Introduction: Custom Bias Tape Without Special Tools

About: definitely a tinkerer ;)

You can buy bias tape in any retail craftyplace for $2 and change (plus gas).  You can also order bias tape online, paying a ridiculous shipping cost (or waiting FOREVER for it to arrive).  However, commercial bias tape is typically solid in color, comes in 3 yd. packages, and is sometimes difficult to coordinate with your sewing project.  With $3 in fabric*, some thread, and a couple hours, you can make continuous miles† of your very own.

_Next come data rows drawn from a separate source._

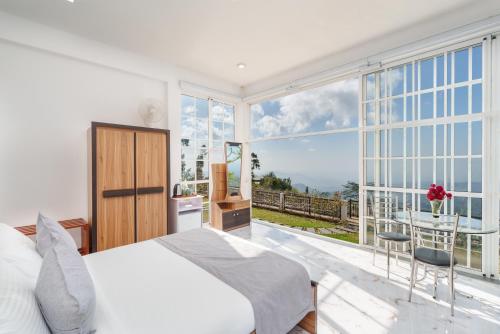 a bedroom with a bed and a large window at Villa Rosaria - Framed by Nature, Finished with Luxury in Beragala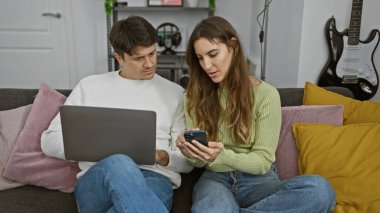 Modern bir oturma odasında renkli yastıklarla kanepede oturan bir kadın ve erkek telefon ve dizüstü bilgisayar kullanıyor..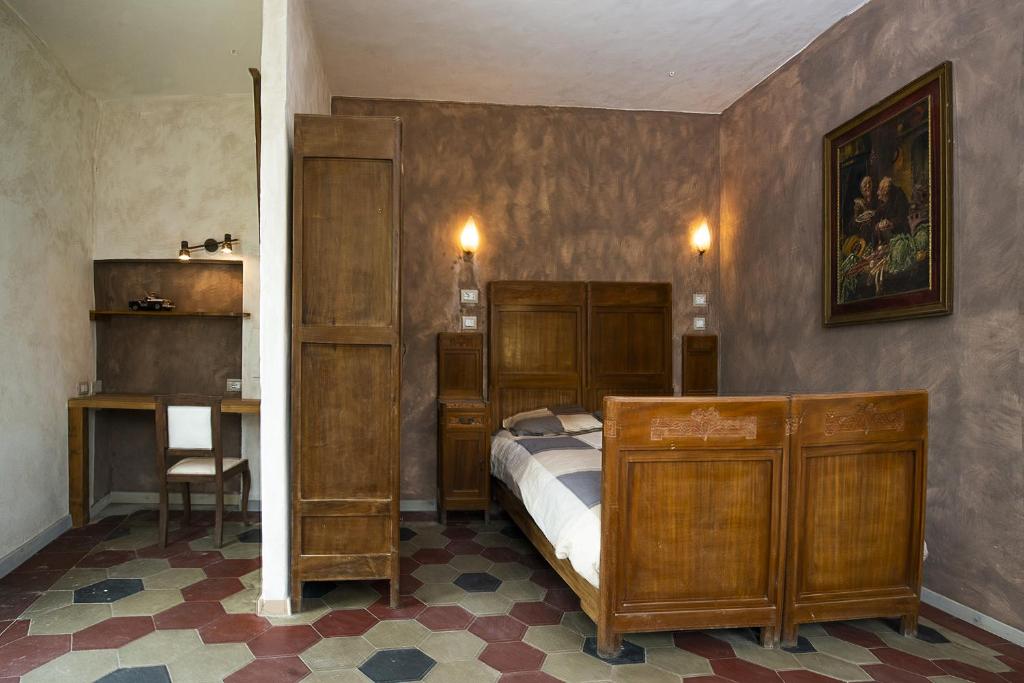 Antica Casa Santa Maria في Pomaro Monferrato: غرفة نوم بسرير ومكتب وطاولة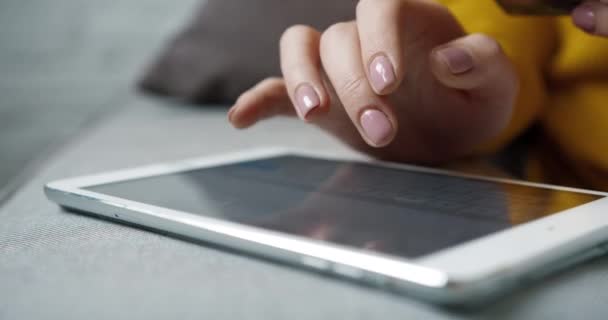 Close-up van de vrouw in de gele trui voert gegevens in over de tablet met de bankkaart in de hand. Online winkelen. — Stockvideo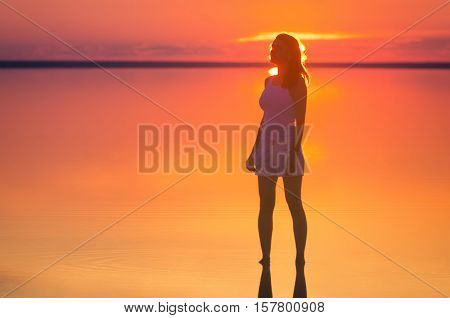 Beautiful female model stands in front of the sun under sunset at seaside. Calm water of salt lake Elton reflects silhouette of woman. Sun goes under horizon. Girl stands alone in water.
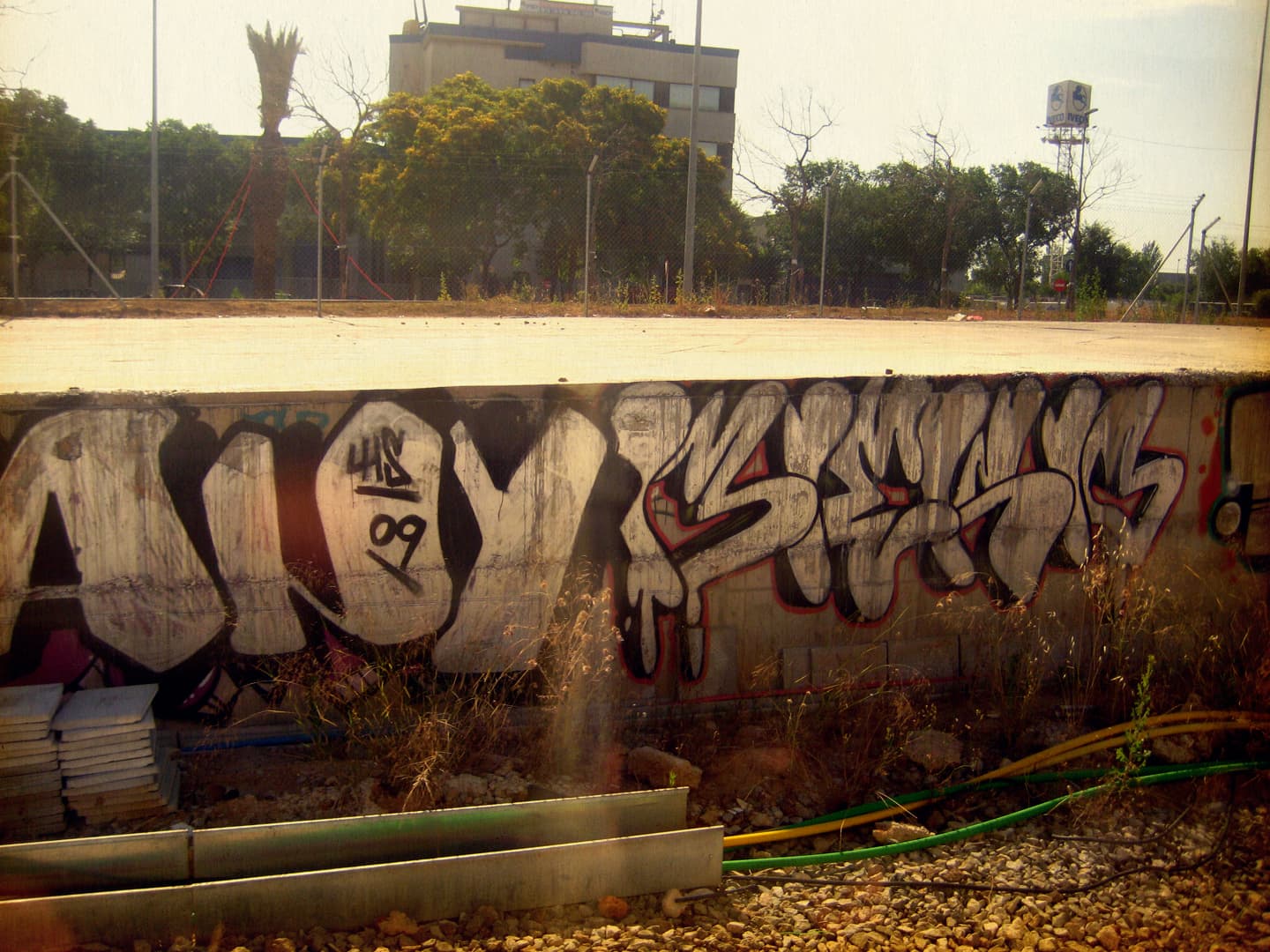 Graffiti tag on a wall surrounded by an urban landscape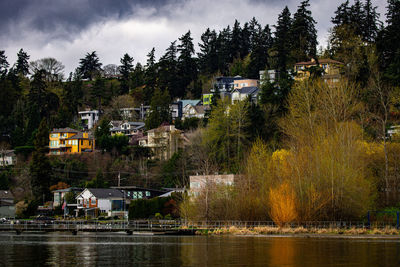 Buildings by lake against sky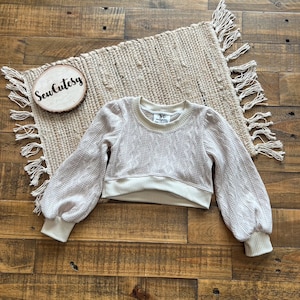 May include: A cream-colored cropped sweater with long sleeves and a cable knit pattern. The sweater has a round neckline and a ribbed hem. The sweater is laying flat on a light brown wooden surface.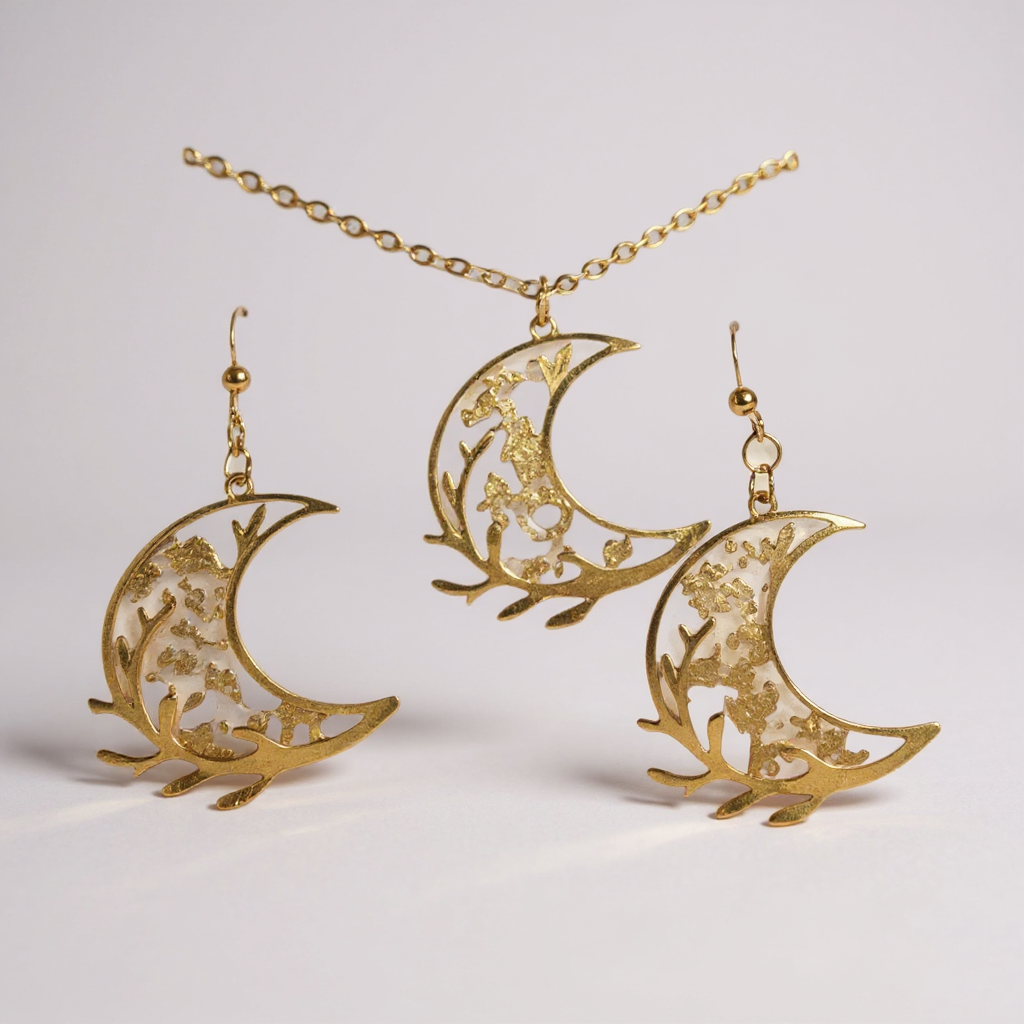 Ensemble collier et paire de boucles d’oreilles - Lune d’Or Florale, présentant un collier délicat en acier inoxydable doré accompagné de croissants de lune ornés de motifs floraux.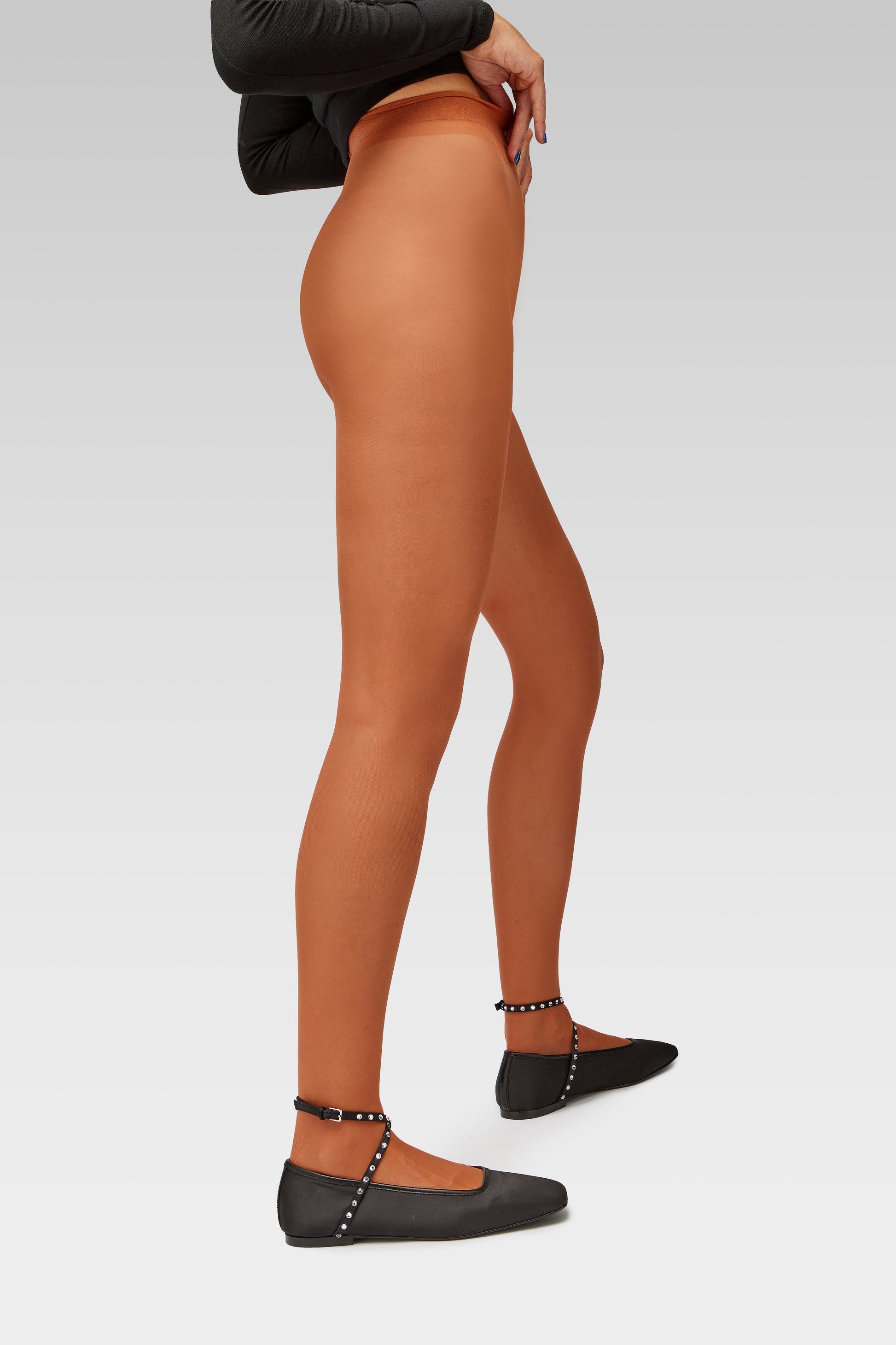 EDLA Galaxy Terracota Orange tights with EDLA Saturn Black ballet flats Crafted from satin, the Saturn Ballet Flat features crystal-embellished straps and a squared toe.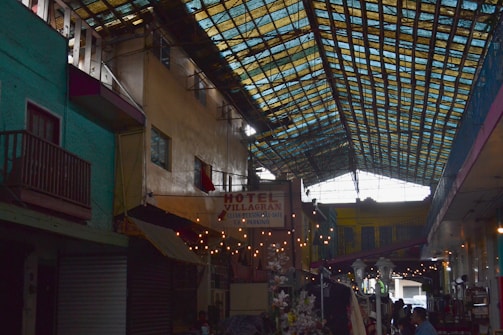 A covered marketplace or alleyway with vibrant, multicolored walls and a roof made of transparent panels allowing light to filter through. Several small businesses or kiosks line the sides, featuring goods and signage, including a sign for Hotel Villagran. Flowers and string lights add to the atmosphere, with people visible amidst the setting.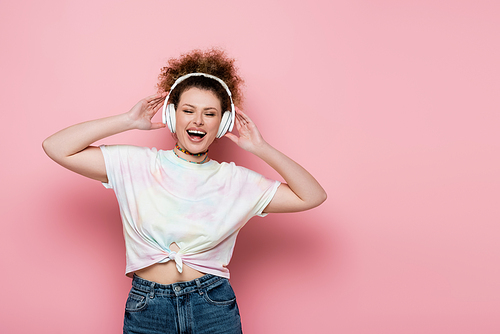 Positive woman in headphones singing on pink background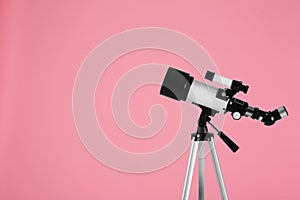 Tripod with modern telescope on pale pink background, space for text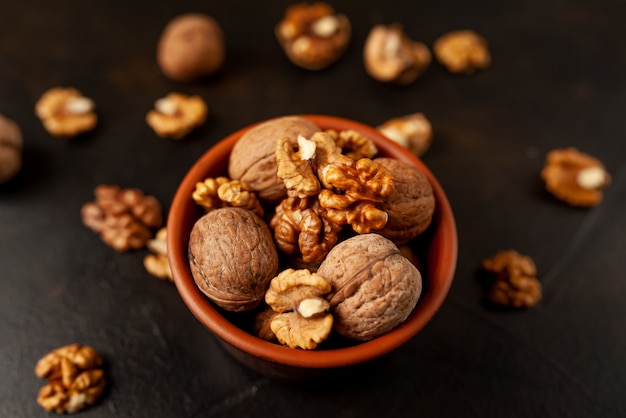 Walnuts. kernels and whole nuts on a stone background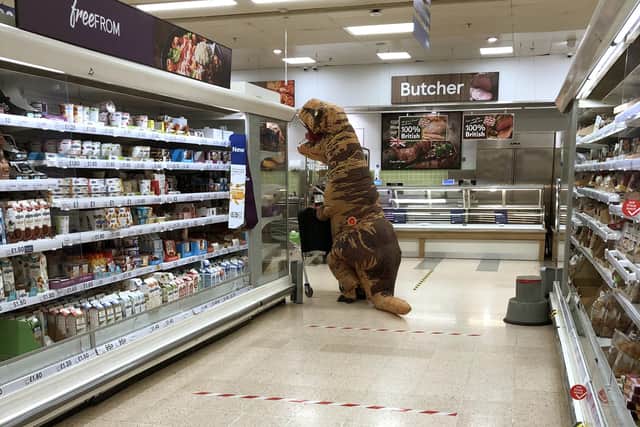 Tesco T RexA mystery man dressed as a Tyrannosaurus rex does his shopping at Tesco, North Harbour, on Tuesday, March 31. Picture: Kirsty Suthers
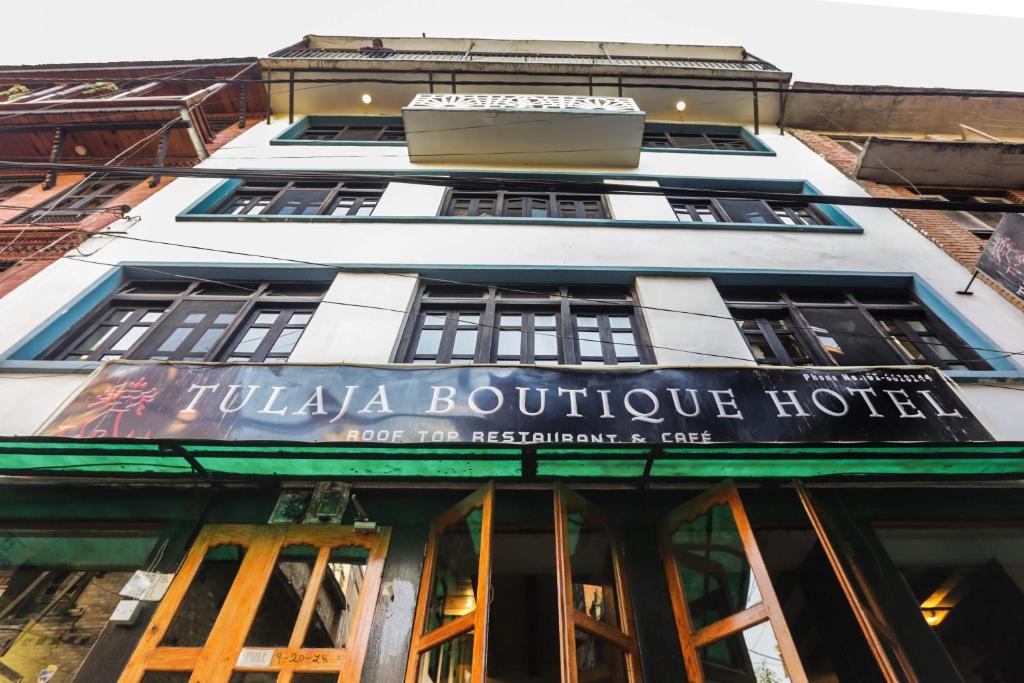 a building with a sign that reads tuas boutique hotel at Tulaja Boutique Hotel in Bhaktapur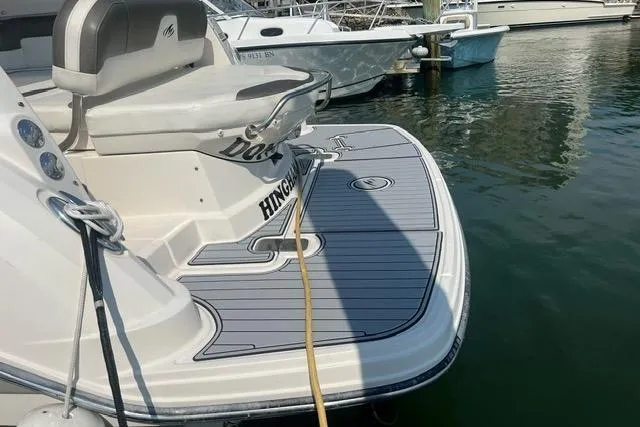 Slide: The Image of 2014 Monterey 280 Sport Yacht docked, featuring a spacious swim platform. - 2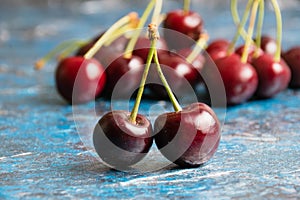 Delicious sweet cherry macro on blue textured background with copy space, berries close up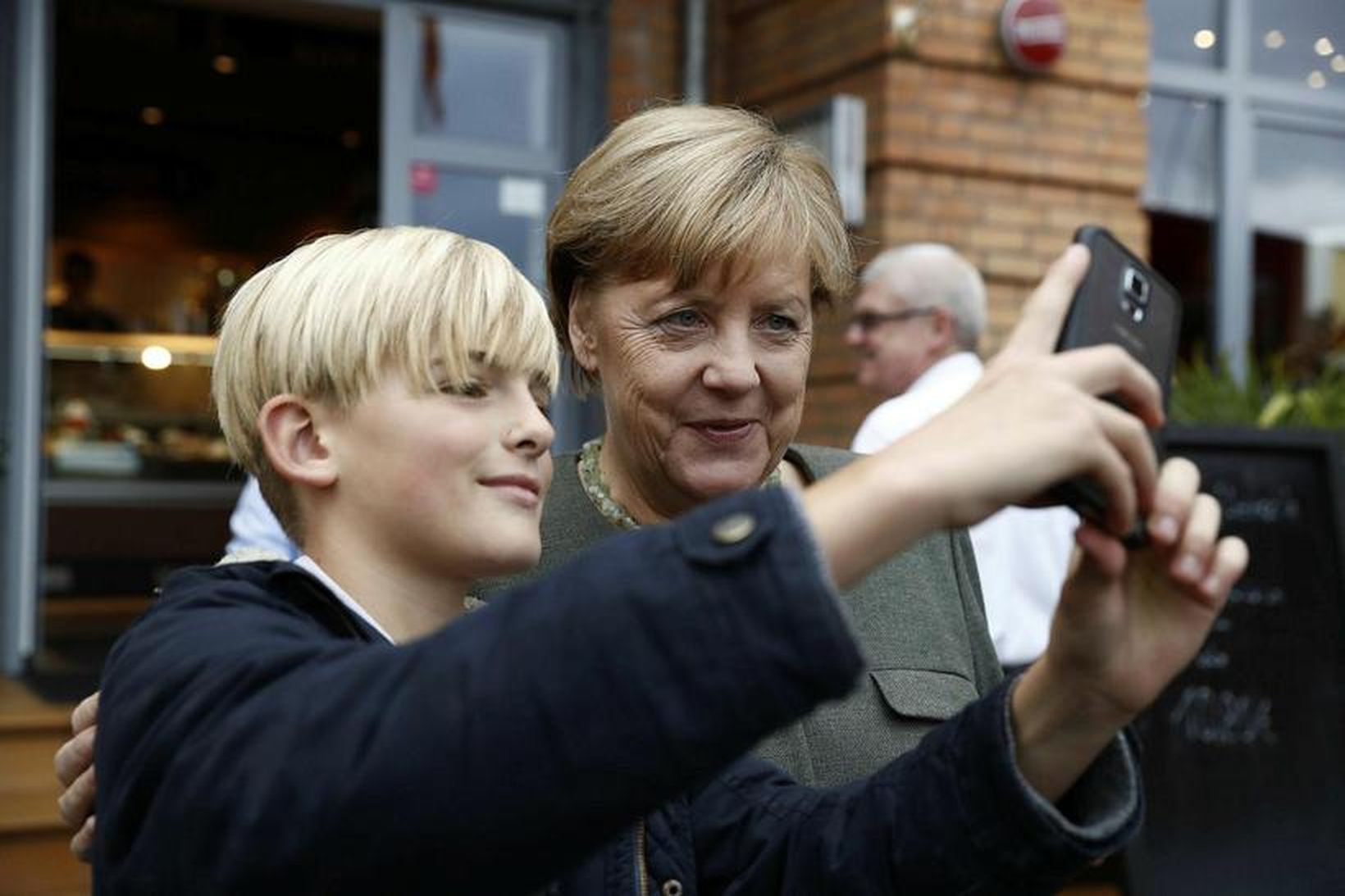 Angela Merkel Þýskalandskanslari stillir sér upp fyrir sjálfum með ungum …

* full retail.  I picked up this piece for $0.72, including tax.  It can be done for free if you have discarded clothing or sheets you are willing to cut into.
† ok, yards, but an easy 4-5x more!

Step 1: Supplies

woven fabric, laundered (the piece I am working with is cotton, 25 in. L x 44 in. W.)
iron + ironing board
fabric scissors
needle + thread -OR- sewing machine + thread
ruler -OR- measuring tape + a straight edge
washable marker (rinses out) -OR- chalk, depending on light or dark fabric

cutting mat, rotary cutter, poster board for strip template (not pictured), hat pin (for wider bias tape)

Step 2: Fabric Prep

Make a small snip at edge of selvedge and rip down; both sides. 

Selvedge is the factory produced edge which keeps the edges from fraying.  In my experience, selvedge can behave differently from the body of the fabric when laundered (shrinking, going wonky).  I don't know how or if it would affect bias tape, but I'm a big fan of snip-and-rip, so...

Iron your fabric.

Step 3: Fold, Cut, & Piece

You will be making a parallelogram with your fabric rectangle. 

Fold one end of the fabric so that the end aligns with a side edge, forming a triangle*.

Pin along the fold to secure positioning and press. 

Unfold your fabric and cut along the crease.

Move the triangular piece down to opposite end, without turning.

Flip the triangle over, right sides facing.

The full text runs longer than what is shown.